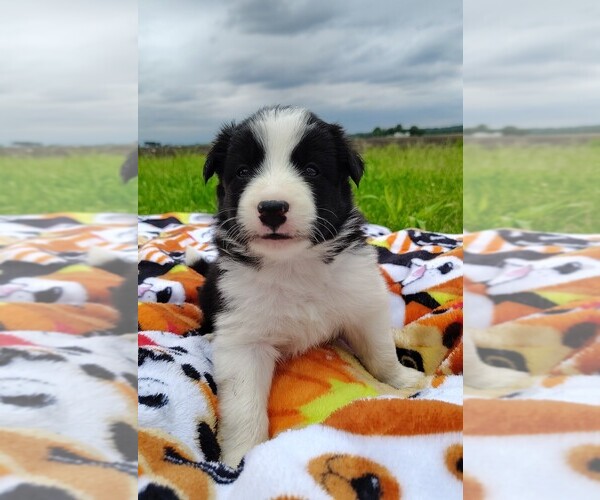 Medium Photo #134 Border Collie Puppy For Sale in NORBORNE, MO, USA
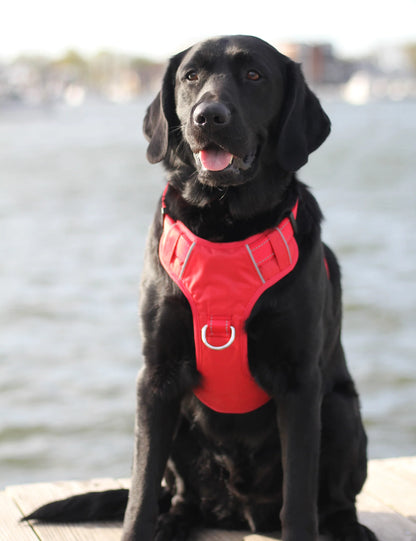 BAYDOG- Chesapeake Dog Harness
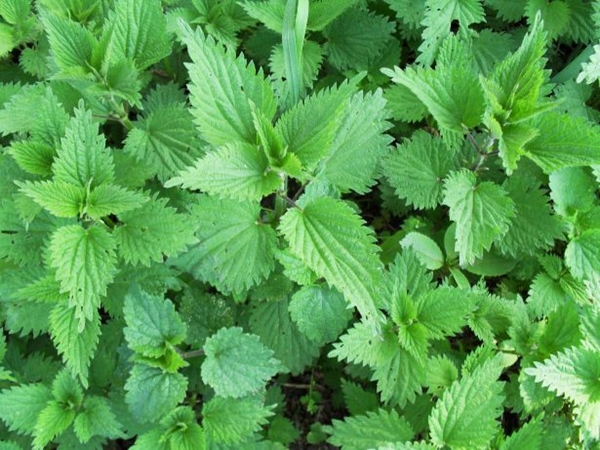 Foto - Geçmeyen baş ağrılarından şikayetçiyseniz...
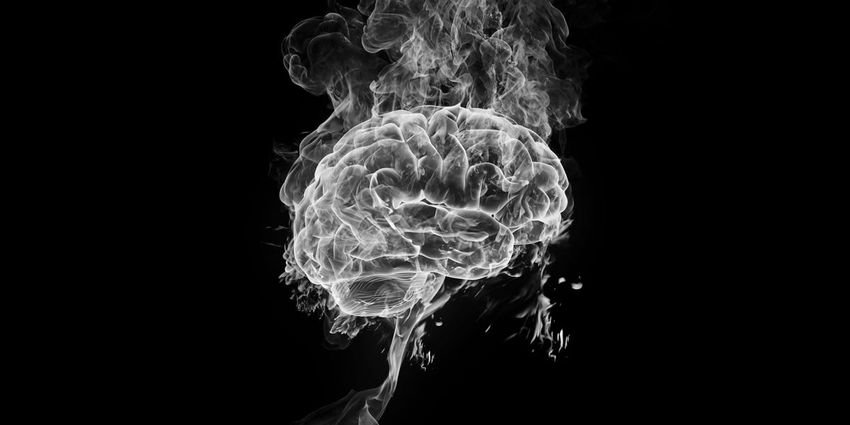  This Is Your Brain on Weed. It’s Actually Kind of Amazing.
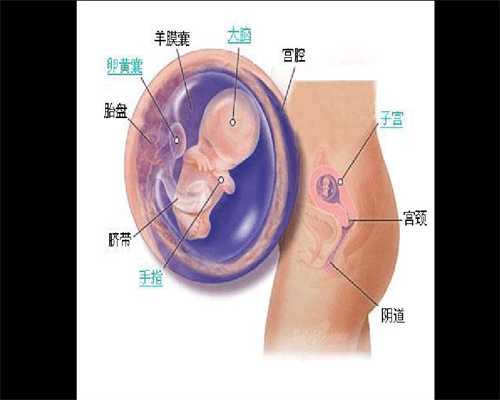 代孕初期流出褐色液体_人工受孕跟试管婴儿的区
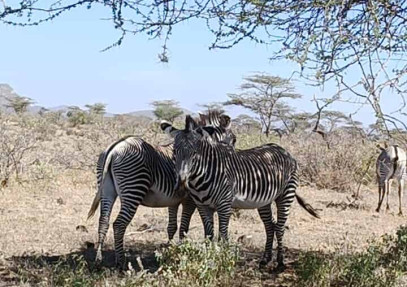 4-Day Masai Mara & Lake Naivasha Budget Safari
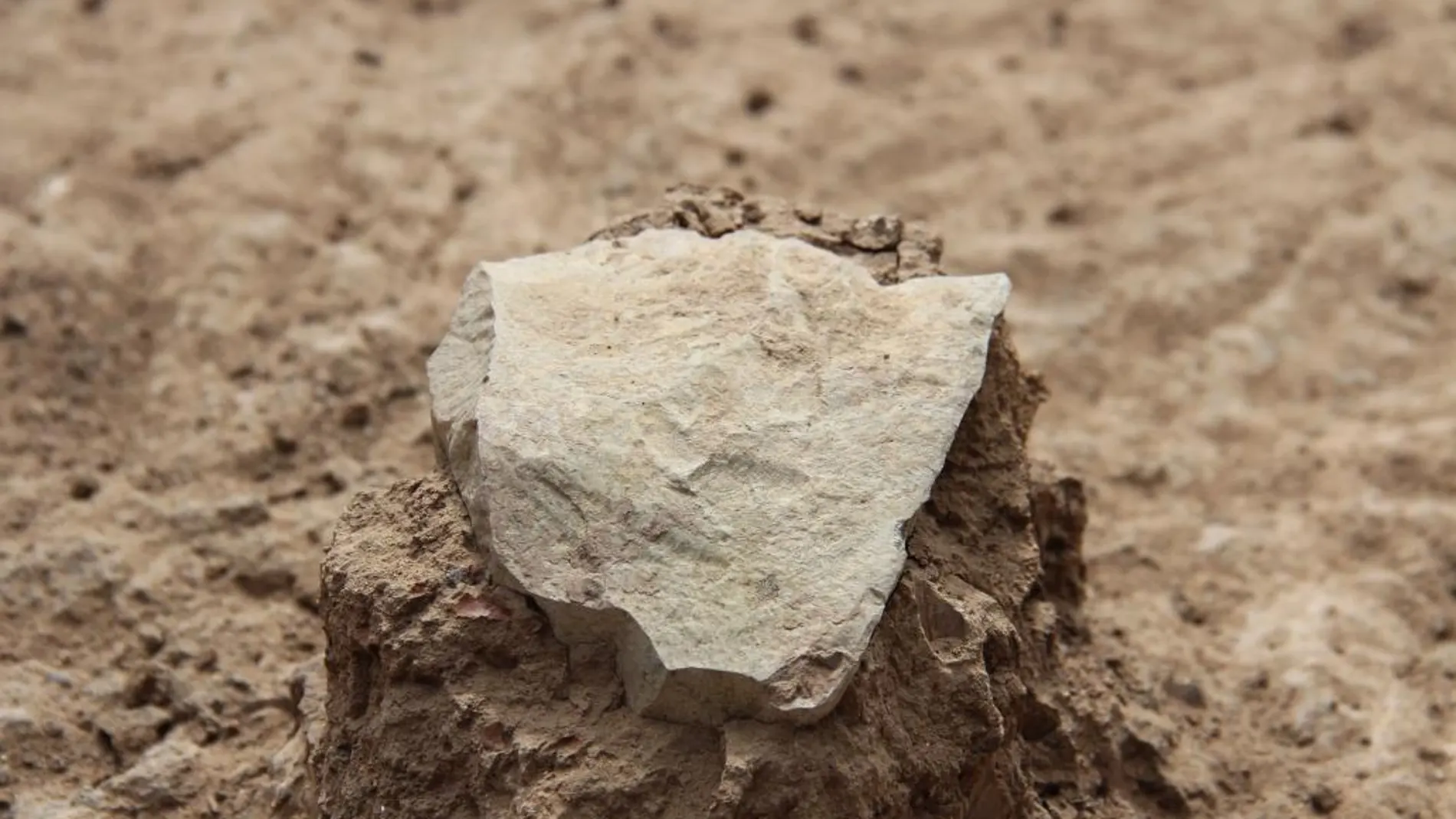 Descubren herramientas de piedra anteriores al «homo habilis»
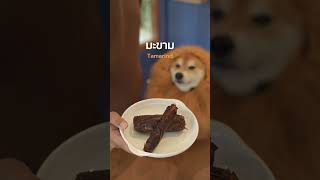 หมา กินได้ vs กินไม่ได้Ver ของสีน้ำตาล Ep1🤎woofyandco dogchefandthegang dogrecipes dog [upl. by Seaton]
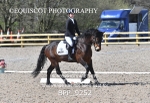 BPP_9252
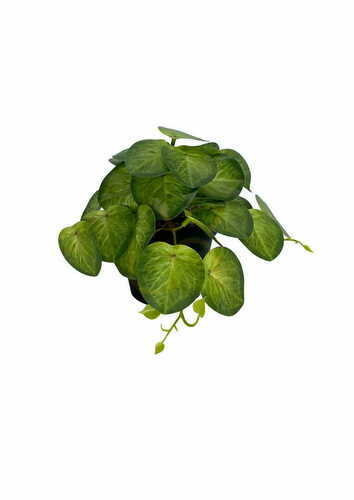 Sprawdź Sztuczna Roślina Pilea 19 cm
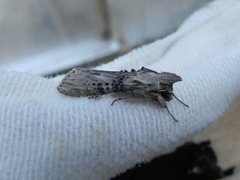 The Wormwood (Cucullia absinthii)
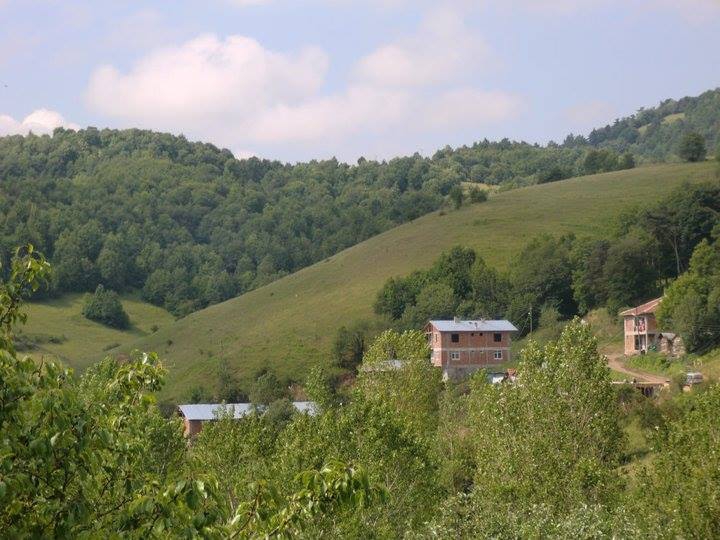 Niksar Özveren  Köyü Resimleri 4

--

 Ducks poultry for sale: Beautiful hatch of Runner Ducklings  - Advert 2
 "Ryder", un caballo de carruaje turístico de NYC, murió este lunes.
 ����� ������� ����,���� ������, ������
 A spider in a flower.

*AIM OF THE TASK*
After locating the line holding "murió este lunes." above, output exactly that line and every line after it through the line holding "A spider in a flower.". Include nothing else.

*WRITTEN REPLY*
 "Ryder", un caballo de carruaje turístico de NYC, murió este lunes.
 ����� ������� ����,���� ������, ������
 A spider in a flower.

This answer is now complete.